##### DATA EXTRACT
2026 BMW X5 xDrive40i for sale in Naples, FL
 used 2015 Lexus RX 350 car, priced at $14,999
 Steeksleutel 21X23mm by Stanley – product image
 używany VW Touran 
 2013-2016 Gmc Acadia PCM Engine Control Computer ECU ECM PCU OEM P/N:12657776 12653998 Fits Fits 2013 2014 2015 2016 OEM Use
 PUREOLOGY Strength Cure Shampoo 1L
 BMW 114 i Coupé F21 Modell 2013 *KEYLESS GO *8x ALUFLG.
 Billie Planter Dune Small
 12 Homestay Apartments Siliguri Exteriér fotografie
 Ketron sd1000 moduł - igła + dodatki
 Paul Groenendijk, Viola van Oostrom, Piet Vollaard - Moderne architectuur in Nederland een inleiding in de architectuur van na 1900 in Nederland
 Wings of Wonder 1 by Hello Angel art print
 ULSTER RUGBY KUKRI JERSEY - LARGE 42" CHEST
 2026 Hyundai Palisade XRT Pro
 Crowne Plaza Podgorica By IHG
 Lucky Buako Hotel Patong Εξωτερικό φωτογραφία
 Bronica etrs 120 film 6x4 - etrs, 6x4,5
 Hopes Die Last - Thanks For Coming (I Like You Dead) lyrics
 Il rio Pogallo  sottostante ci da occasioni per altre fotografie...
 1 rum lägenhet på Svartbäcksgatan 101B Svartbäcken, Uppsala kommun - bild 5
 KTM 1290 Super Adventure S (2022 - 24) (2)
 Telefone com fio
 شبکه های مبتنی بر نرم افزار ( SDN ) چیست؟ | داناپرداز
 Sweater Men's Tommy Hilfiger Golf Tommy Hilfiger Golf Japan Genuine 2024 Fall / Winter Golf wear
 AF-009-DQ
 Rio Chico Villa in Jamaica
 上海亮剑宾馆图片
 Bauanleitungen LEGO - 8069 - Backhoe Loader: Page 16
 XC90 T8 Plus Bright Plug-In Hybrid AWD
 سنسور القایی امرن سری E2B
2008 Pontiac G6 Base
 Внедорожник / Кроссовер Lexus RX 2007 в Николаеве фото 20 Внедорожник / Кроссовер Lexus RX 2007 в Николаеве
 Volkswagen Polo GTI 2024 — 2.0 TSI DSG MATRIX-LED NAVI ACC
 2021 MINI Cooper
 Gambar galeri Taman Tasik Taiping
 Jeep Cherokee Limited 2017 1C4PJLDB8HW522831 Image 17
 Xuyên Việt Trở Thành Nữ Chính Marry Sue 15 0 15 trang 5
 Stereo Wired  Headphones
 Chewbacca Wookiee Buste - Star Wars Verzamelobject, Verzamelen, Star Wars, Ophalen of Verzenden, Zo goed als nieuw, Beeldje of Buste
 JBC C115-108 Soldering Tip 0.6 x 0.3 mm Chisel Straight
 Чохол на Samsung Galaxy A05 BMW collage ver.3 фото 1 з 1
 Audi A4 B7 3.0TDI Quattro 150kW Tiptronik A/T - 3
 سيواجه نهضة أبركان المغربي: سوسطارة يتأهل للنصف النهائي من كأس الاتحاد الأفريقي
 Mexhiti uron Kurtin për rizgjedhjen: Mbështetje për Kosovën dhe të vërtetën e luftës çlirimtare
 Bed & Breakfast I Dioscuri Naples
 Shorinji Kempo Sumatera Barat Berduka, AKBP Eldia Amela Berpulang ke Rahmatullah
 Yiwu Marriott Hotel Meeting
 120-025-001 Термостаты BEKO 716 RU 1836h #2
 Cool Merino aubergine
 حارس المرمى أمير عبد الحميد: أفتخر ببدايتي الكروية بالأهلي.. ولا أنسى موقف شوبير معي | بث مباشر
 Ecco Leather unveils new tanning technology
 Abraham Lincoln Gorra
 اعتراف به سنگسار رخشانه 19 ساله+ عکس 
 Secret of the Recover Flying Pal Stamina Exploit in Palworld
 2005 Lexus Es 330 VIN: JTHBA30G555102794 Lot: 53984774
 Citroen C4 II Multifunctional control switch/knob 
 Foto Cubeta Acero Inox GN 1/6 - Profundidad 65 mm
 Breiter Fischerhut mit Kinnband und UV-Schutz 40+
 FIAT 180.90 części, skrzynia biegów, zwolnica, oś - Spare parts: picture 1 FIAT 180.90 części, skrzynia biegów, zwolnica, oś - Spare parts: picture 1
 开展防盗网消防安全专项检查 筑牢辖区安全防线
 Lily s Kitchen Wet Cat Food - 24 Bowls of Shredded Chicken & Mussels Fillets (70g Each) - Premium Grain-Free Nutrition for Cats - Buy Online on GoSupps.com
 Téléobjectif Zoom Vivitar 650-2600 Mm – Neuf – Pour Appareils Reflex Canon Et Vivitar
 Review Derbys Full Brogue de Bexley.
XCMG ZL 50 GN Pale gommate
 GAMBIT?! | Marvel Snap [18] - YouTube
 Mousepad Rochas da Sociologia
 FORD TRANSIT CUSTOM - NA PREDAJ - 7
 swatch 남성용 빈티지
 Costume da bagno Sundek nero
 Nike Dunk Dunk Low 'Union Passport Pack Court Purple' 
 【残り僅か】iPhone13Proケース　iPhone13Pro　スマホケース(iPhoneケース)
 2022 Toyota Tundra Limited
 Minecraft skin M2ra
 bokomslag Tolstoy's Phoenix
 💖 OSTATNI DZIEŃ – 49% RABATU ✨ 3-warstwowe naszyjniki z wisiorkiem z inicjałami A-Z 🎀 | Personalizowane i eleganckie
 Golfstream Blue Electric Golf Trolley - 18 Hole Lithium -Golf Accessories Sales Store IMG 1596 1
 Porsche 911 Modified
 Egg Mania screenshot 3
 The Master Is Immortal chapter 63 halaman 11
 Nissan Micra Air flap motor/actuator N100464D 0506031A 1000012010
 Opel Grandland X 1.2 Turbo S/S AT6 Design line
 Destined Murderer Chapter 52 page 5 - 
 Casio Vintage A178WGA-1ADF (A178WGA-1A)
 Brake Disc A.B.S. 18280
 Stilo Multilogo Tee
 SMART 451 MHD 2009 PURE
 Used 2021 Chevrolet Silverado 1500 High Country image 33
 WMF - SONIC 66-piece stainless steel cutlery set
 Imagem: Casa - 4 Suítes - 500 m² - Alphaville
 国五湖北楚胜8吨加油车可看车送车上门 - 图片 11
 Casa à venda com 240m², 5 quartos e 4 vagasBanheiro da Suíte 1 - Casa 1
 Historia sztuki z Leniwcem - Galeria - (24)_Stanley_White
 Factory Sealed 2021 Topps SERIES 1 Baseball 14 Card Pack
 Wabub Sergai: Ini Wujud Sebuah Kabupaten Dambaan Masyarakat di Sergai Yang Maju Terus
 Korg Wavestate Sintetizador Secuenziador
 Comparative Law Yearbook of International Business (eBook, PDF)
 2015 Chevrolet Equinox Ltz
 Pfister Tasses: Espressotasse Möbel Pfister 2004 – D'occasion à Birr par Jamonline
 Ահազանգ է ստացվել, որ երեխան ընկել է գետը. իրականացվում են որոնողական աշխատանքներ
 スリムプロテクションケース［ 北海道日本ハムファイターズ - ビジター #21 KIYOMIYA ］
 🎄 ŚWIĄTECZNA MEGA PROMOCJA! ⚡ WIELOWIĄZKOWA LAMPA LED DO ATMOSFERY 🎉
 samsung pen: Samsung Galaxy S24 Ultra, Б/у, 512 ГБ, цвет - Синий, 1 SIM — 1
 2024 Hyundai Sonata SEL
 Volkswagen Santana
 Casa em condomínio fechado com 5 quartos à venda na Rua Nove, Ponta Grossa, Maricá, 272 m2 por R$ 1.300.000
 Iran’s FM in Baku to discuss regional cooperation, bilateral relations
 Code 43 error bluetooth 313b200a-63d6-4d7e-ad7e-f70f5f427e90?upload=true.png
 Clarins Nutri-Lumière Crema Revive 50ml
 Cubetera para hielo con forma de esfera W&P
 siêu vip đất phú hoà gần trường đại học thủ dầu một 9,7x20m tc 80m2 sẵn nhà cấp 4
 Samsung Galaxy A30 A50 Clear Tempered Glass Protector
##########
* [ACTION ITEM] In the entries above, how many lines hold "Casa"? Answer with the number alone.

* [OUTPUT OF THE EXERCISE] 3